White House Sets Security Requirements for Federal Cloud Providers
Modernizing Authentication — What It Takes to Transform Secure Access
The federal government has launched an assessment and monitoring program under which cloud providers have to commit to a certain level of security before being allowed to work with the government.
The Federal Risk and Authorization Management Program (FedRAMP) establishes a baseline of security requirements for government contractors interested in providing the federal government with cloud services, the Office of Management and Budget said Dec. 8. Over two years in making, the finalized FedRAMP is a "first step" toward securing cloud environments, according to Federal CIO Steven VanRoekel.

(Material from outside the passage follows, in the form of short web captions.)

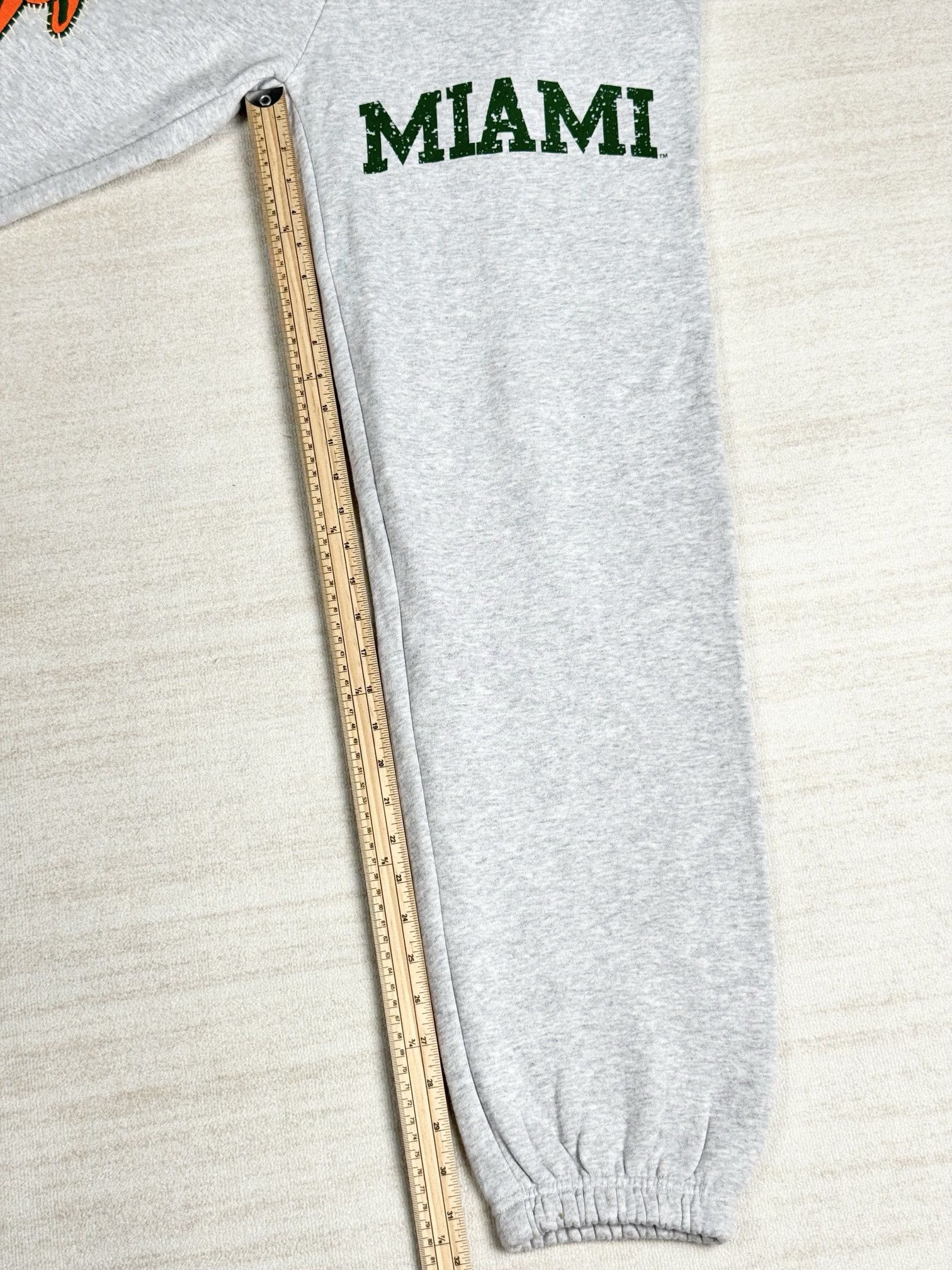 Mitchell & Ness × Travis Scott Miami Hurricanes Classic Sweatpants Size US 32 / EU 48 - 7 Thumbnail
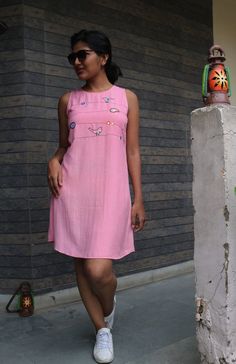 Shift dress for women/Pink linen dress/sleeveless linen dress/ linen shift tunic/ made to order/ cus Hand Embroidered Dress, Pink Linen Dress, Sleeveless Linen Dress, Linen Shift Dress, Boho Scarfs, Indian Prints, Dress Linen, Women Pink, Pink Linen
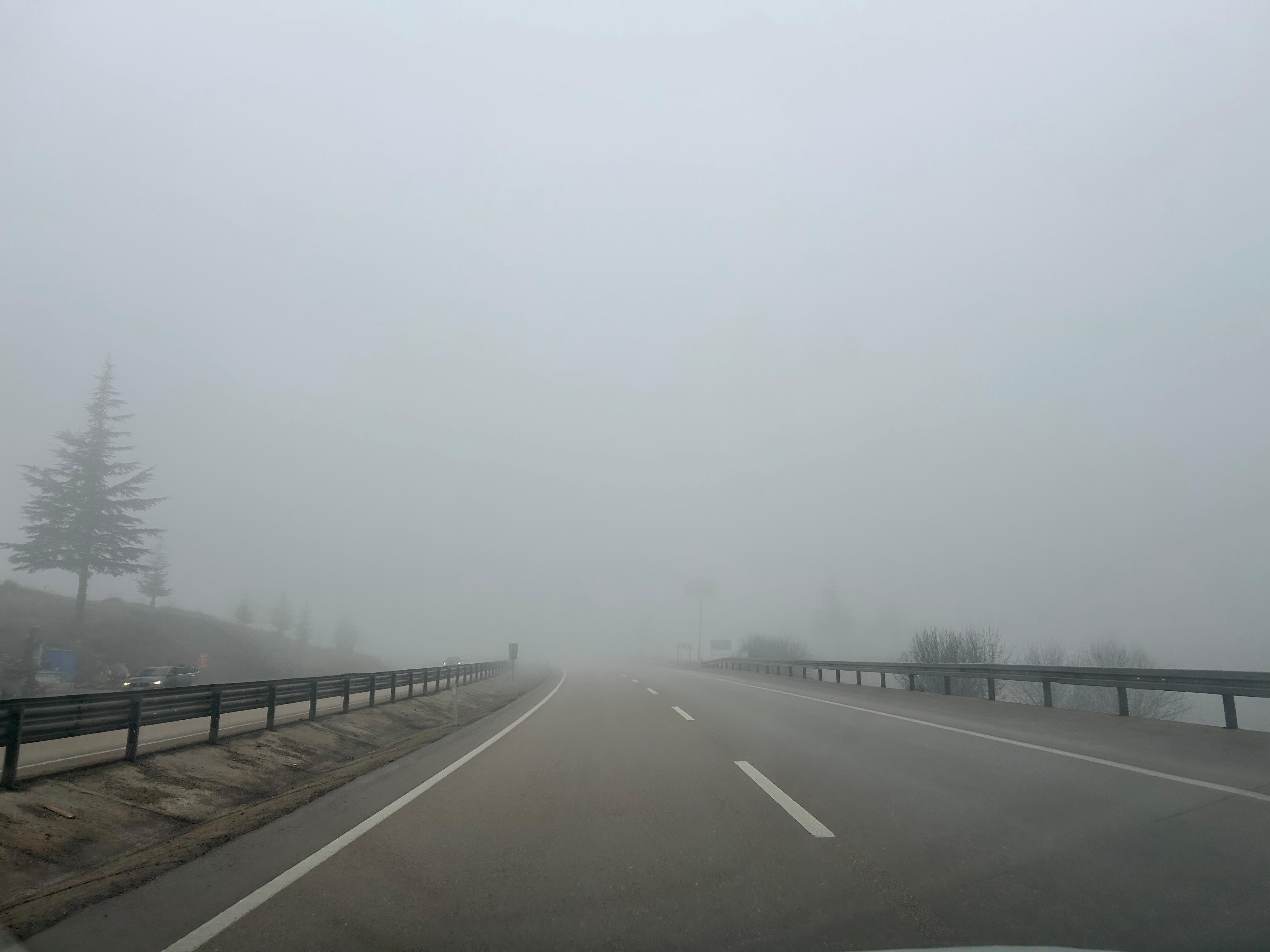 Afyonkarahisar'da Sisli Hava Etkili Oldu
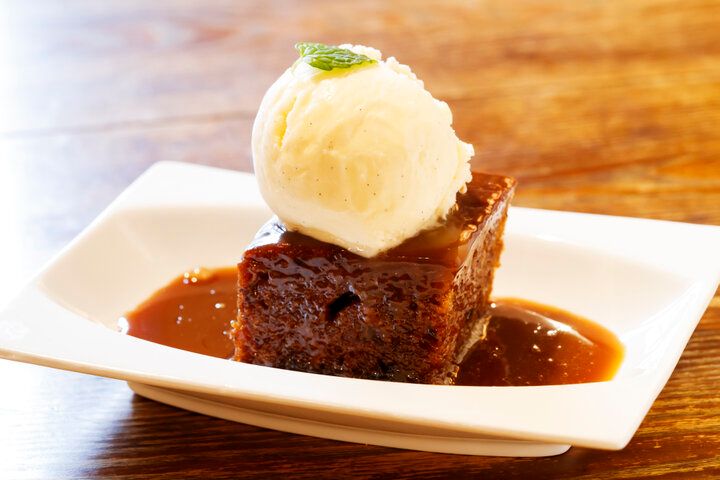 英国風パンケーキ・クランペットと紅茶でブリティッシュなティータイムを。大阪・谷町の「トリントンティールーム」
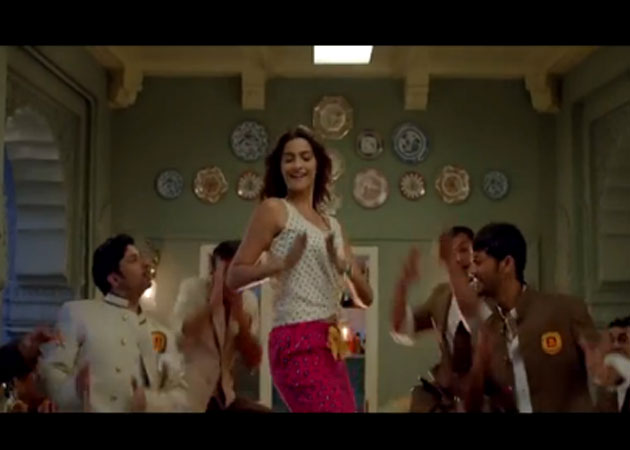  Sonam Kapoor is <i>Khoobsurat</i> and Hilarious in New Trailer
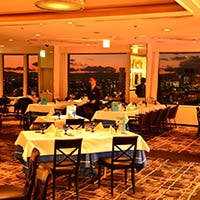 少人数から100名以上の貸切パーティーまでビュッフェスタイルで楽しむパーティーを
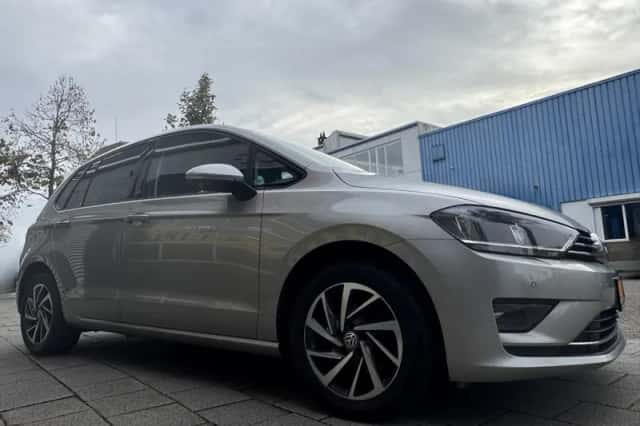 Volkswagen Golf (2017) thumbnail 10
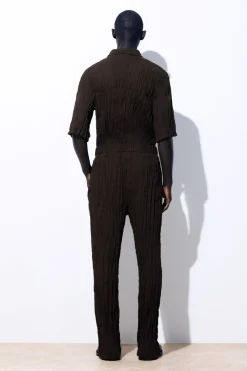 Online COS THE CRINKLED BARREL-LEG PANTS DARK BROWN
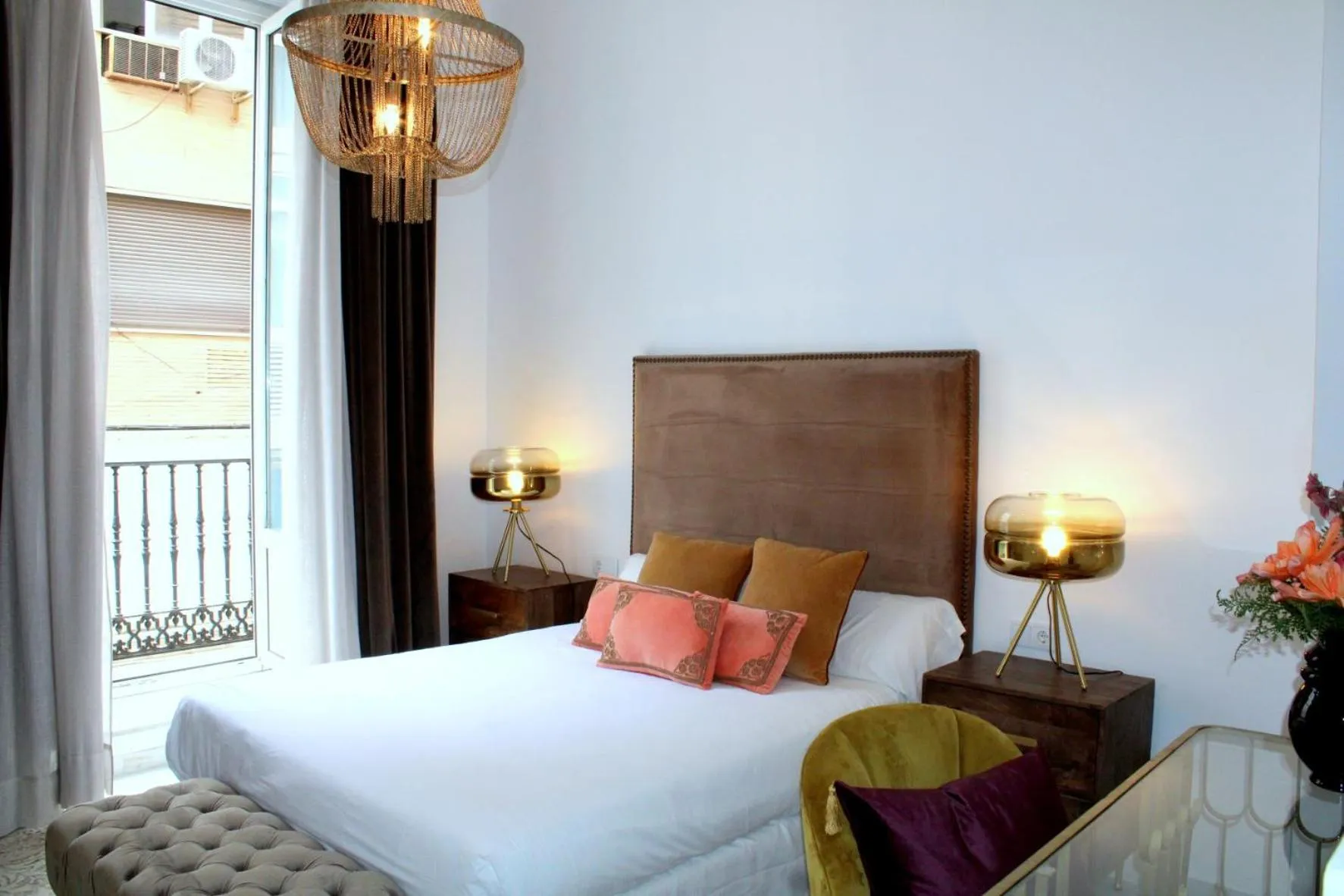 Bed in Hostal Roomsole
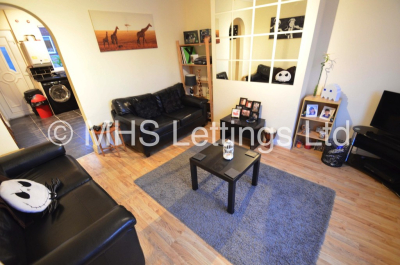 Thumbnail photo of 2 Bedroom Mid Terraced House in 27 Park View Avenue, Leeds, LS4 2LH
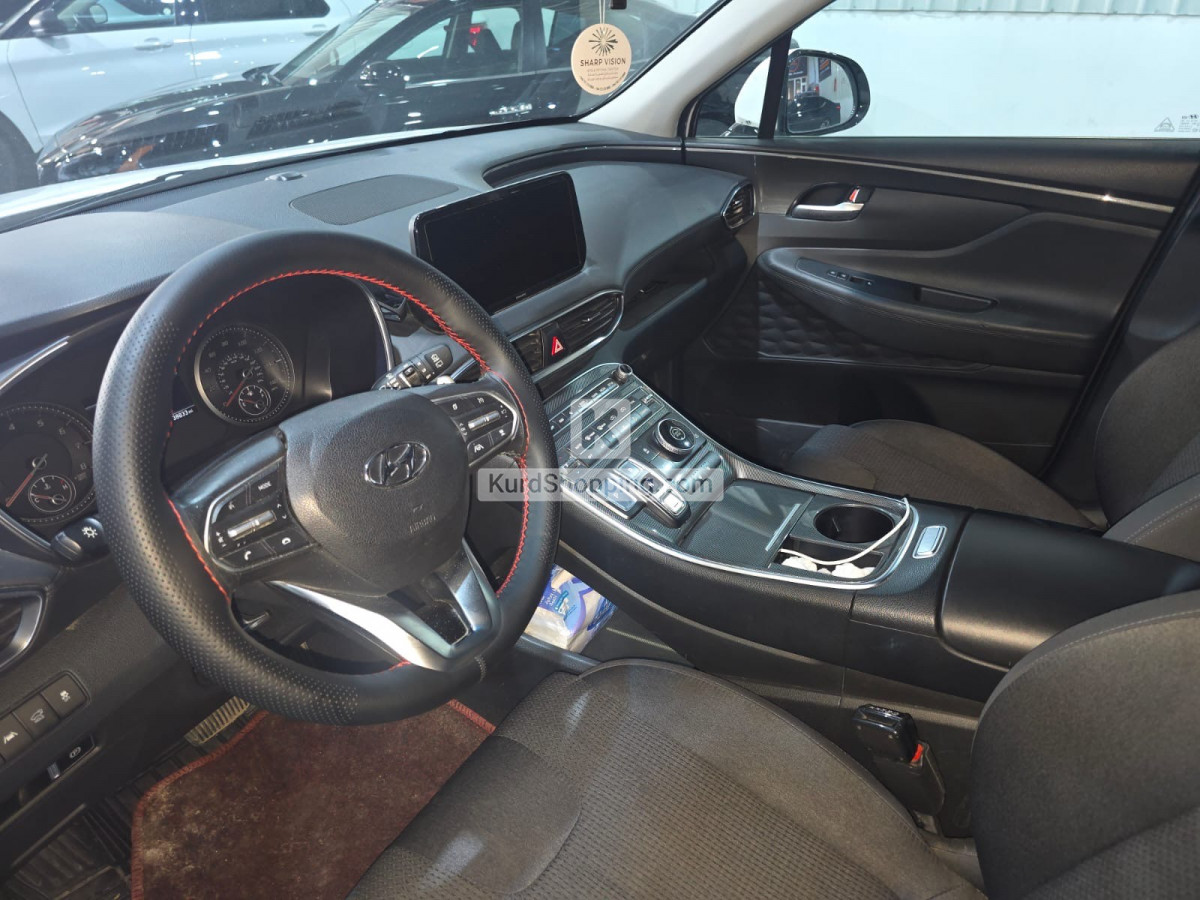 Hyundai Santa Fe 2023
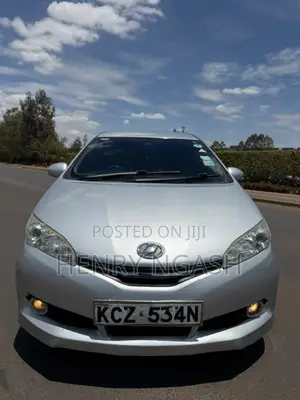 Toyota Wish 2013 Nyeupe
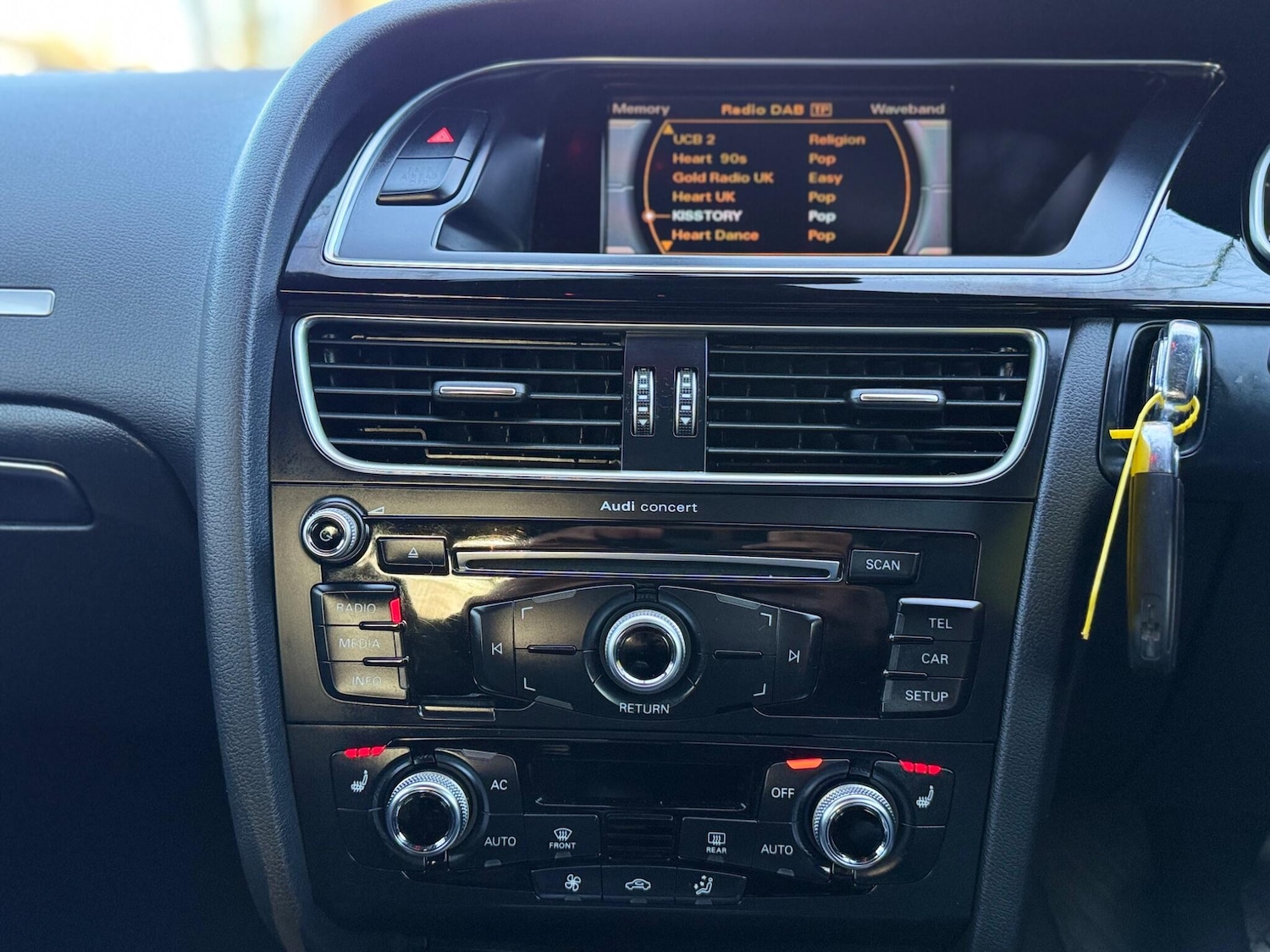 Used Audi A5 2014 for sale - 76898507: Photo 33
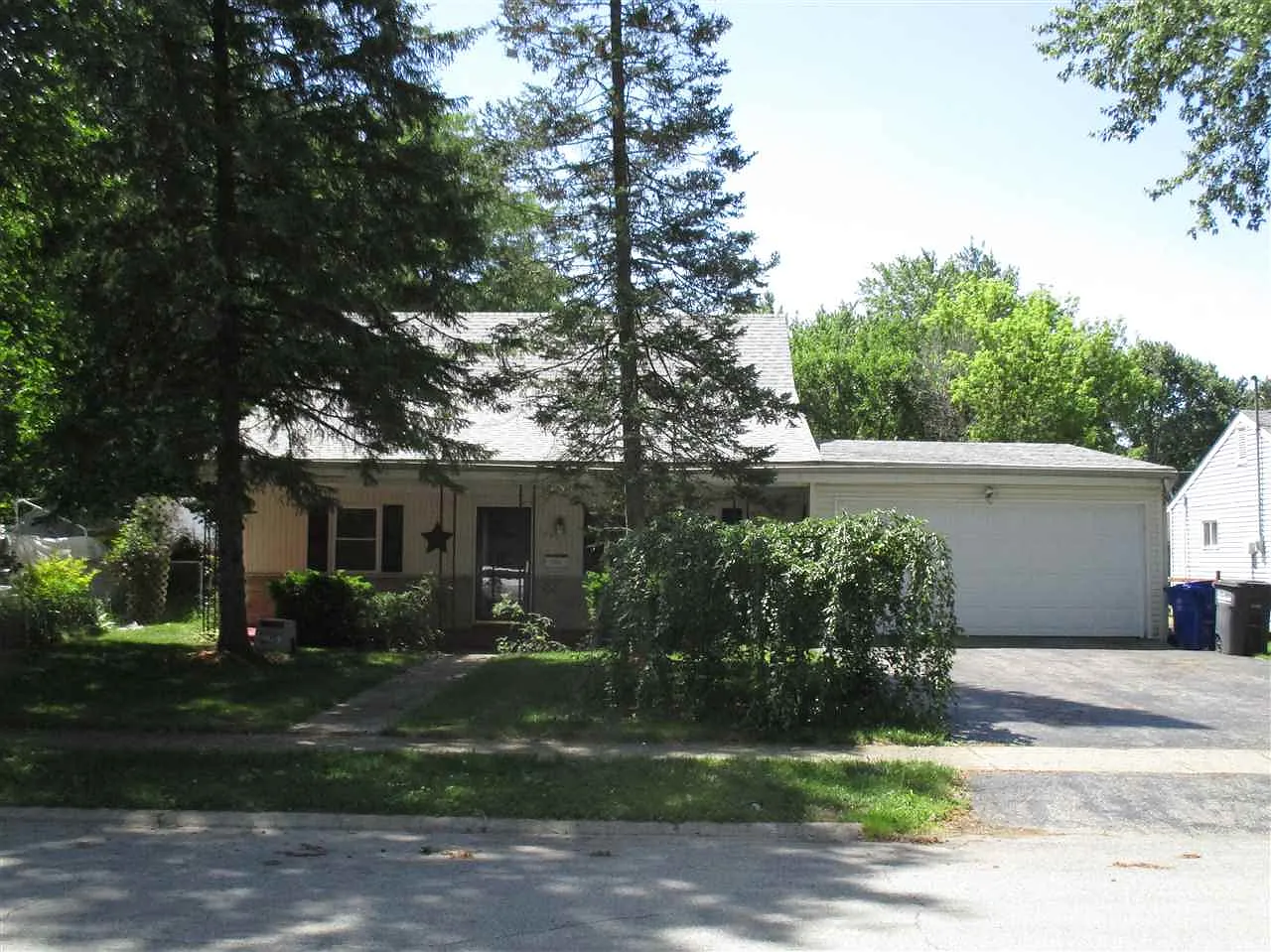 1933 Lynwood Dr photo 1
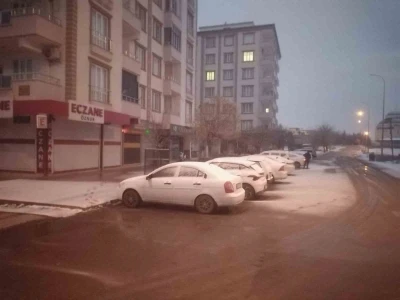 Yavuzeli&rsquo;nde kar yağışı etkili oldu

The federal government spends hundreds of millions of dollars securing its IT systems, and much of the tasks are "duplicative, inconsistent and time consuming," according to VanRoekel. FedRAMP's "do once, use many times" framework will save money, time and staff required to conduct security assessments, he said. VanRoekel estimated there will be a 30 percent to 40 percent cost savings for the government while securing cloud services under FedRAMP.
"FedRAMP enables agencies to deploy cloud technologies, while realizing efficiencies of scale to substantially reduce costs and transition time," he wrote on the White House blog.
Starting in June, all federal agencies must use FedRAMP when evaluating and purchasing "commercial and non-commercial cloud services that are provided by information systems that support the operations and assets of the departments and agencies," according to a memo from VanRoekel. The requirement covers systems that are provided or managed by other departments or agencies, contractors, or other sources, VanRoekel added. Because vendors will already be certified under FedRAMP, agencies will be able to move through the procurement process more easily and cheaply.